Task description: Given the records underneath, please repeat exactly the lines from the line with "Swans in Pond" through the line with "Night Sky (framed) by Barbara Davies", passing over any picture.

Listed entries:
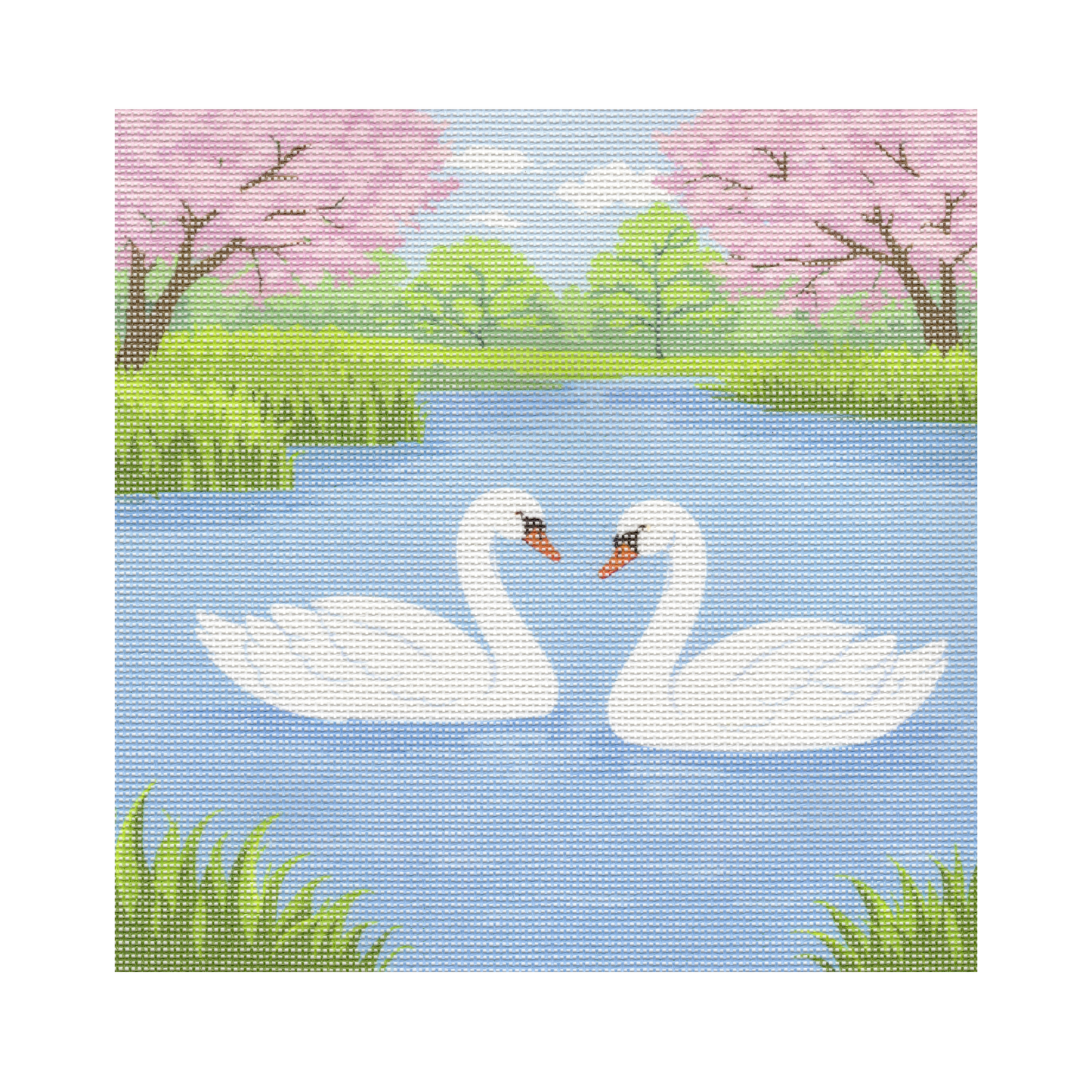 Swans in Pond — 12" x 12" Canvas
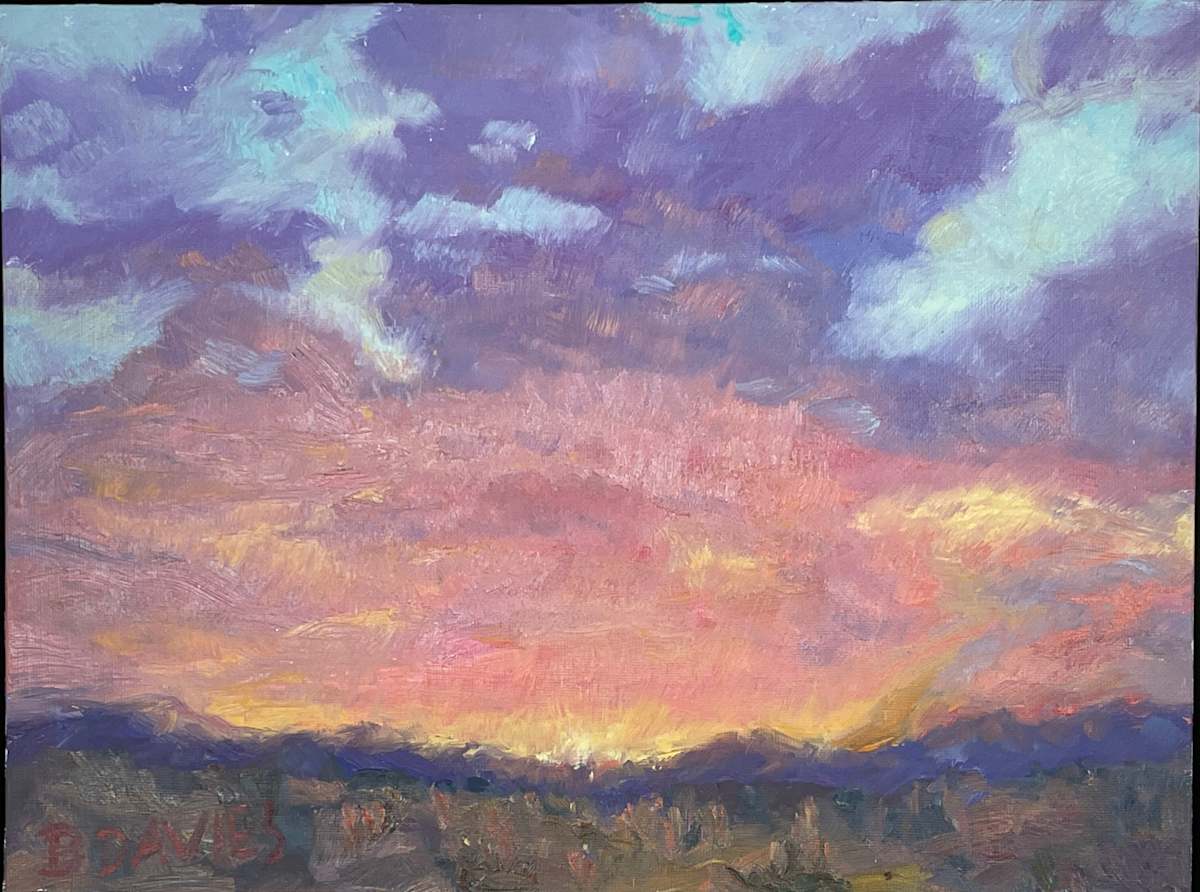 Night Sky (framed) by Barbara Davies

==

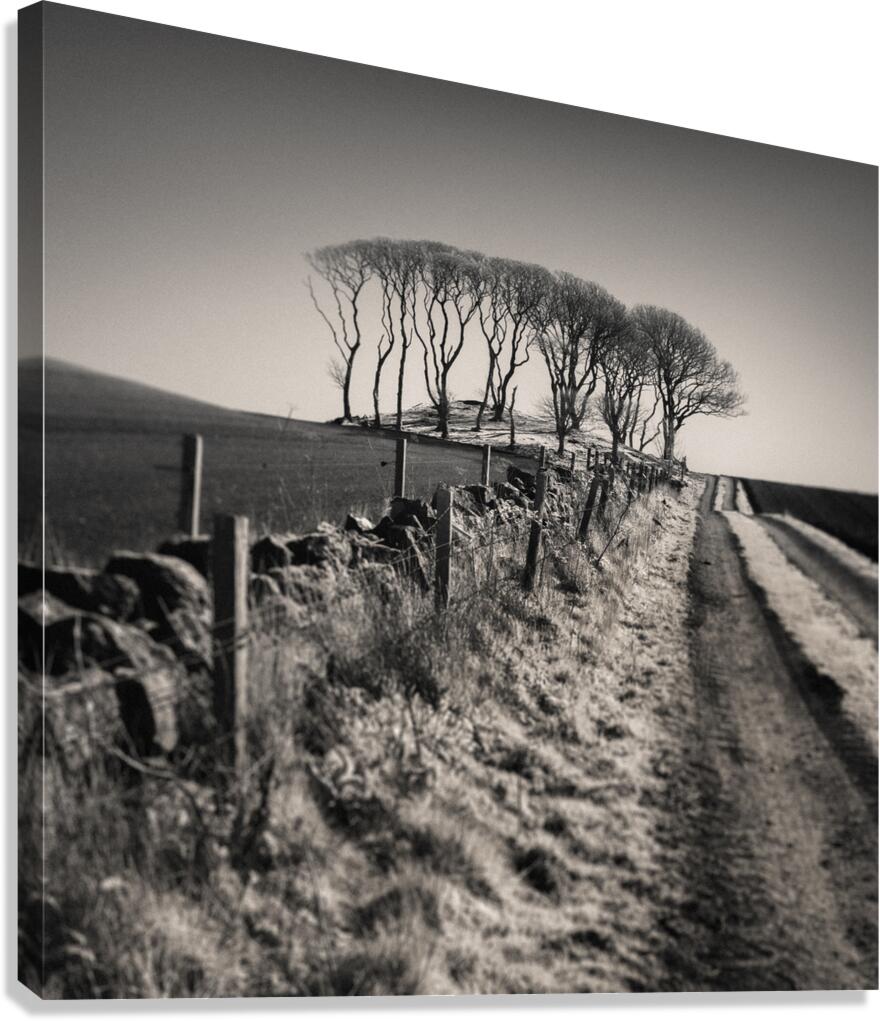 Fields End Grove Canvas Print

Task output:
 Swans in Pond — 12" x 12" Canvas
 Night Sky (framed) by Barbara Davies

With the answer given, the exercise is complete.